Frank Reininghaus: Ein Beispiel aus dem letzten Jahr war eine Stabsübung „Schiffskollision vor List auf Sylt"; nur einen Monat später ereignete sich die Havarie der Costa Concordia, die in vielen Aspekten unserer Übung ähnelte. Ein weiteres aktuelles und herausforderndes Beispiel sind Offshore-Windenergie-Anlagen. Wenn so eine Anlage brennt, dauert es unter Umständen recht lange, bis eine Feuerlöscheinrichtung vor Ort ist. Das Beste ist in der Regel das kontrollierte Abbrennen lassen, denn ein umstürzender Mast ist hier - anders als an Land - unproblematisch. Meine Studenten konfrontiere ich u.a. mit Szenarien, in denen bei einer Sturmflut dort draußen etwa ein Versorgungshubschrauber abstürzt, es Verletzte gibt, der Funkkontakt ausgefallen ist, etc. Was tut man, wenn ein „Black Ship" (Schiff mit Komplettausfall der Elektrik) wegen ausgefallener Maschinen dem Windpark entgegendriftet? Was, wenn das Schiff Gefahrgut geladen hat? Oder wenn Terroristen einen Gastanker absichtlich in den Windpark steuern?

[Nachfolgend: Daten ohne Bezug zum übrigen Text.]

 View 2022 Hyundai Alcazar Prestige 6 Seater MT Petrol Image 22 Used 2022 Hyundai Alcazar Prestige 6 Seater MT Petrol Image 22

Das hört sich unerfreulich an...
Frank Reininghaus: Man muss aber darauf vorbereitet sein. In unserem Studiengang doziert auch ein Kriminalpsychologe, der den Studenten erklärt, wie man versuchen kann, Täter von ihrem Vorhaben abzubringen.

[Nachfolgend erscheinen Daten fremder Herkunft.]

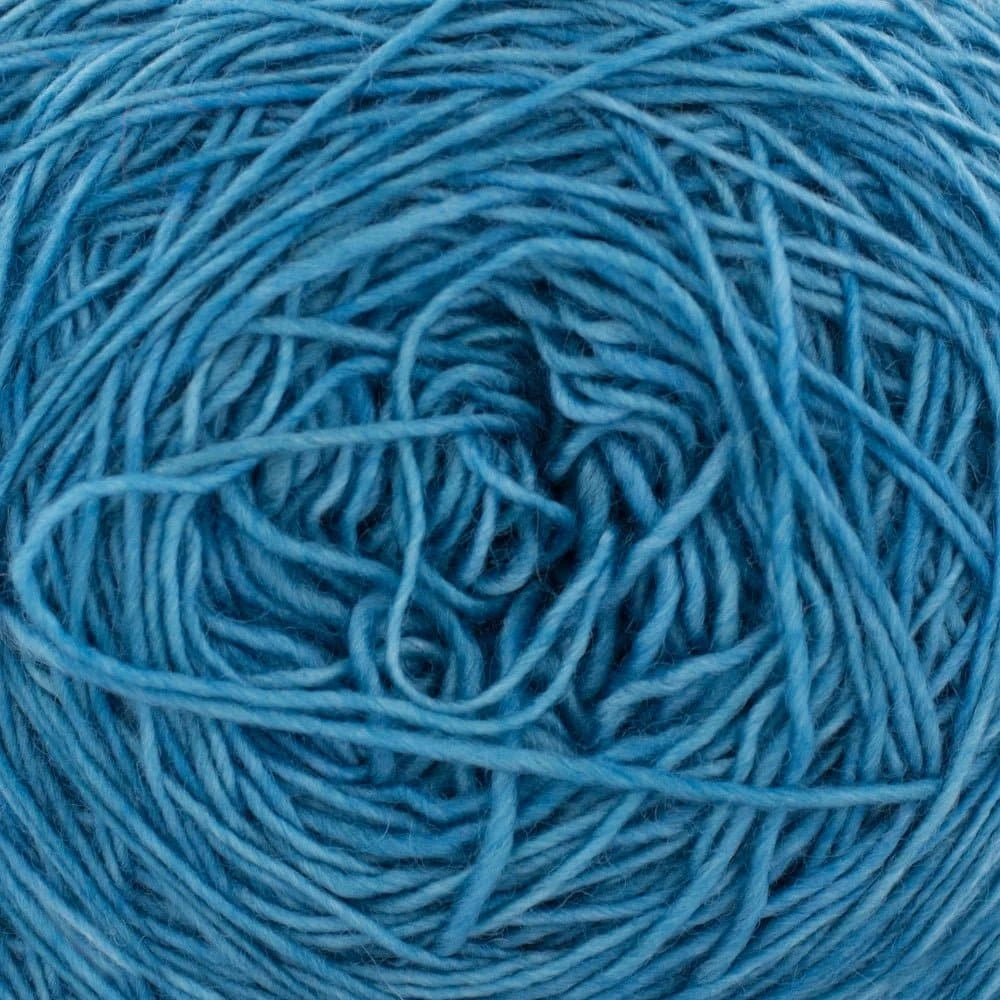 Merino SINGLE LACE solids handgefärbt von COWGIRL BLUES jetzt online kaufen bei OONIQUE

Wer studiert eigentlich bei Ihnen?
Frank Reininghaus: Es handelt sich um einen Masterstudiengang - man muss also bereits einen Bachelor- oder einen vergleichbaren Abschluss mitbringen. Unsere Studenten kommen von Studiengängen wie Transportwesen und Logistik (Hochschule Bremerhaven), Risk- and Security-Management (Hochschule für Öffentliche Verwaltung Bremen), Rescue Engineering Management (Hamburg) oder Security and Safety Engineering (Furtwangen). Auch Absolventen des Studiengangs Sicherheitsmanagement der Hochschule für Wirtschaft und Recht in Berlin haben wir als Master-Studenten, ebenso wie BWL-, VWL- und Psychologie-Absolventen.
Herr Reininghaus, herzlichen Dank für das Gespräch.